Да и как он мог всех знать, даже и в родной Семидесятой это было практически невозможно, и тем более в 125-й, где Галстян был новым человеком.

Но он упорно повторял: «Не знаю такого». А приезжая в часть, просил: «Познакомьте с людьми, которых на парткомиссии приняли…»

Как-то признался:

— Люблю, когда говорят — в бой хочу идти коммунистом, не люблю, когда говорят — если убьют, считайте меня коммунистом. Зачем так: «если убьют»? Не надо так думать.

Но молчал, когда слышал эти слова, никаких замечаний не делал. Потом, уже в сорок втором, передумал: пустяки, суеверие, не все равно, как сказал, был бы человек!

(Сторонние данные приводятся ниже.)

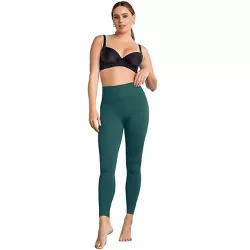 Leonisa Comfy High-Waisted Textured Slimming Legging - Green XL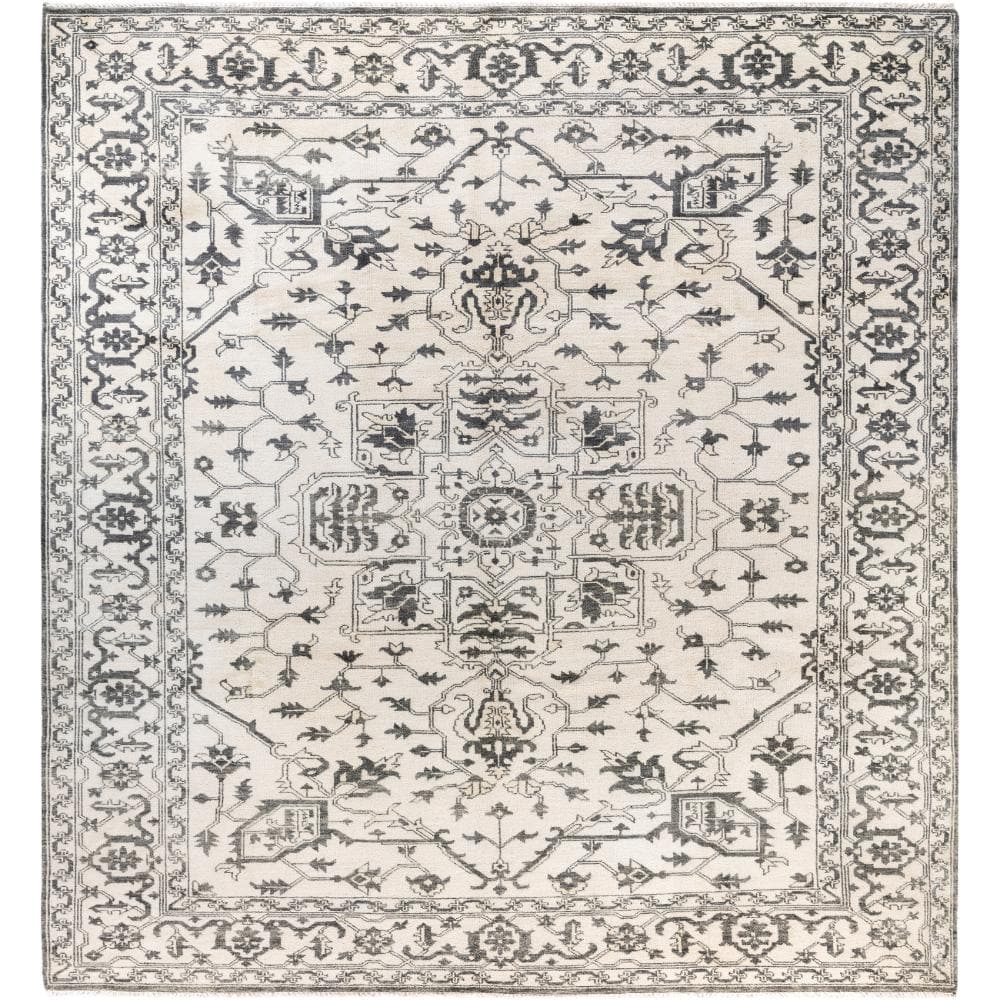 Ganga Ivory 9 X 12 Hand-Knotted Wool Indoor Area Rug price history on PriceWatchPro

Ах, как вкусно он выговаривал это слово: человек!

Когда его назначили комиссаром Невской оперативной группы, и потом, когда его назначили членом Военного Совета 42-й армии, жизнь изменилась, другими стали масштабы, выросла ответственность, да и видно было далеко с новой вышки. Но строй его жизни остался прежним, неизменным остался демократический дух, неизменными его подкупающая откровенность, привязанность к людям, заинтересованность в их жизни.

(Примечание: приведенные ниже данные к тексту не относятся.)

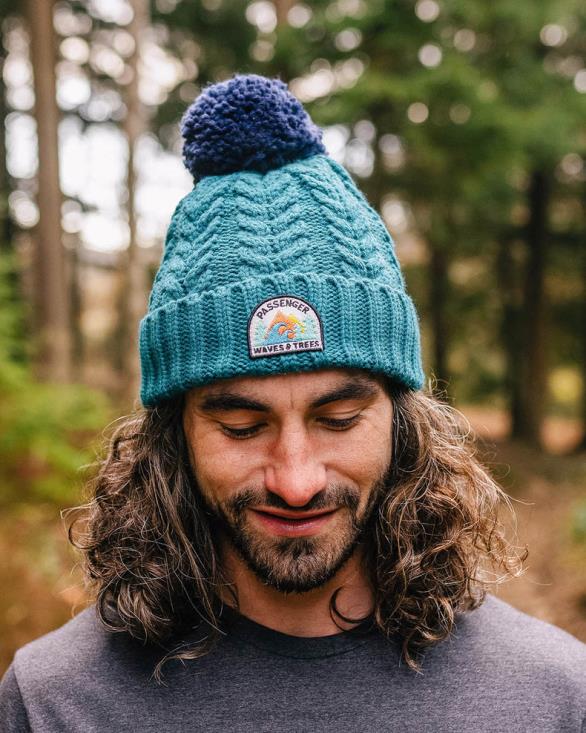 Passenger menn drifter fleece foret resirkulert bobble lue skyggelagt gran 06024427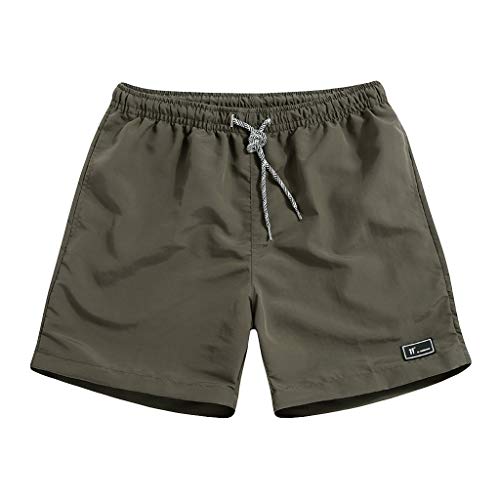 Generisch Badehosen für Herren Lange Sporthose Sporthose lang Lange Unterhosen Baumwolle Laufshorts Herren Tennis-Shorts Shorts Herren Sommer Armeegrün-D XL 2.99 von Generisch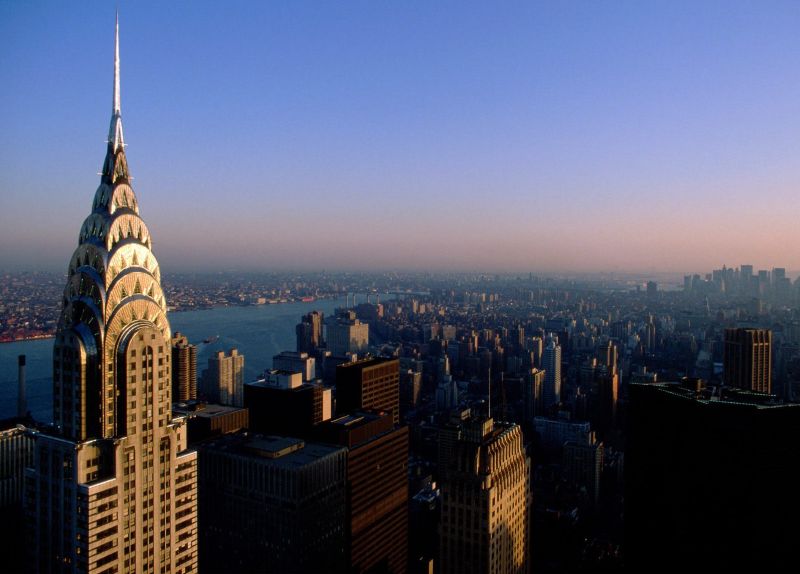 Birds Eye View Of New York City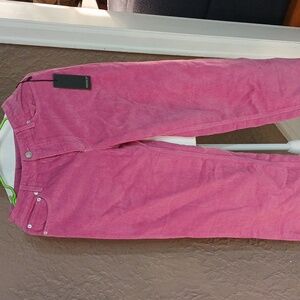 Forever 21 Pink Corduroy Straight Leg Jeans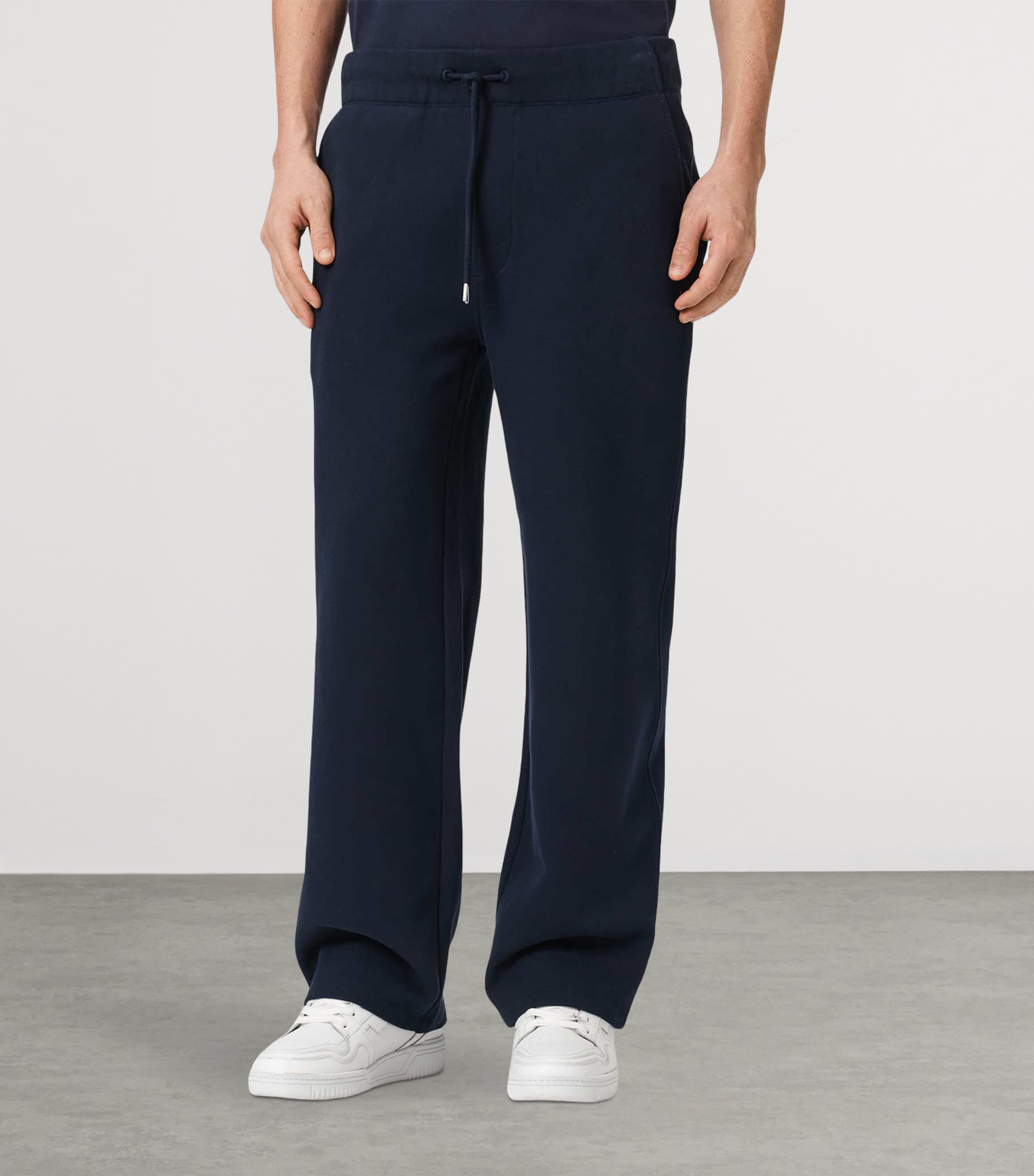 AllSaints Mens Asher Straight Sweatpants Sapphire Blue Image 3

Я уже однажды признался, что комиссар Галстян присутствует во многих моих книгах. Но это не портретное сходство. Я люблю портрет, но портретный жанр мне не дается. Характер перевоплощения Галстяна иной.

Когда мне было шесть лет, отец впервые взял меня в концерт. Первое, что поразило: оркестранты не смотрят на дирижера, а я был уверен, что это именно так. Отец объяснил, что, разумеется, каждый смотрит в ноты, ведь у каждого своя партия, но все равно они видят дирижерскую палочку. Как? «Верхним зрением». Не знаю, пошутил ли он, или действительно есть такой термин, но факт остается фактом: оркестранты смотрят в ноты и подчиняются палочке дирижера.

Такой дирижерской палочкой для образа полковника Ветлугина в романе «Времена и люди» был Галстян. «Верхним зрением» я старался угадать, как бы поступил Галстян, окажись он в одной упряжке с Бельским, человеком невежественным и вообще далеким от нашей армии, хоть он и прослужил в ней чуть ли не всю жизнь; старался угадать, как бы между ними развивался конфликт. Но писал я все-таки Ветлугина, а не Галстяна. У него своя партия в оркестре, свои ноты.

Галстян был убит в начале декабря сорок второго года под Пулковом, на переднем крае. Снаряд попал в траншею, куда он только что спустился…

Я в это время был в Семидесятой, недавно вышедшей из боя за новый плацдарм на правом берегу Невы. Это было в селе Вирки, недалеко от Колтушей. Я сидел у Краснова. Позвонил телефон.

— Да ты врешь! — в ярости закричал Краснов.

Для многих эта смерть была тяжелым ударом. Для того чтобы почувствовать горечь потери, не обязательно быть близко знакомым. Один мой приятель, совсем мало знавший Галстяна, сказал: «Я как думал? Я думал: ну, будет край, тогда пойду к Галстяну». А ведь верно, обязательно должен быть такой человек, которого ты бережешь для себя на самый крайний случай.

Через два дня мы хоронили Галстяна. В Ленинграде похоронные процессии из-за артиллерийских налетов были отменены, хоронили на фронте. Но для Галстяна было сделано исключение. Он похоронен в Александро-Невской лавре, и людей, человеков, как говорил Галстян, пришло множество.

Конечно, в сентябре сорок первого я знал о Галстяне куда меньше, чем через год, в сумрачный день, когда я писал о нем некролог. Но все же и в сентябре сорок первого я знал о нем уже достаточно и просто был ошеломлен, увидев его… в Резерве.

— Что вы здесь делаете, товарищ полковой комиссар?

В ту же минуту я понял, что вопрос мой неуместен, бестактен, попросту говоря, глуп. Что можно на такой вопрос ответить? И вообще, мне больше всего хотелось сбежать от Галстяна — «извините, товарищ полковой комиссар, дела». Все лучше, чем получить ответ: «А это не ваше дело» (когда человек становился ему неприятен, он быстро переходил на «вы»).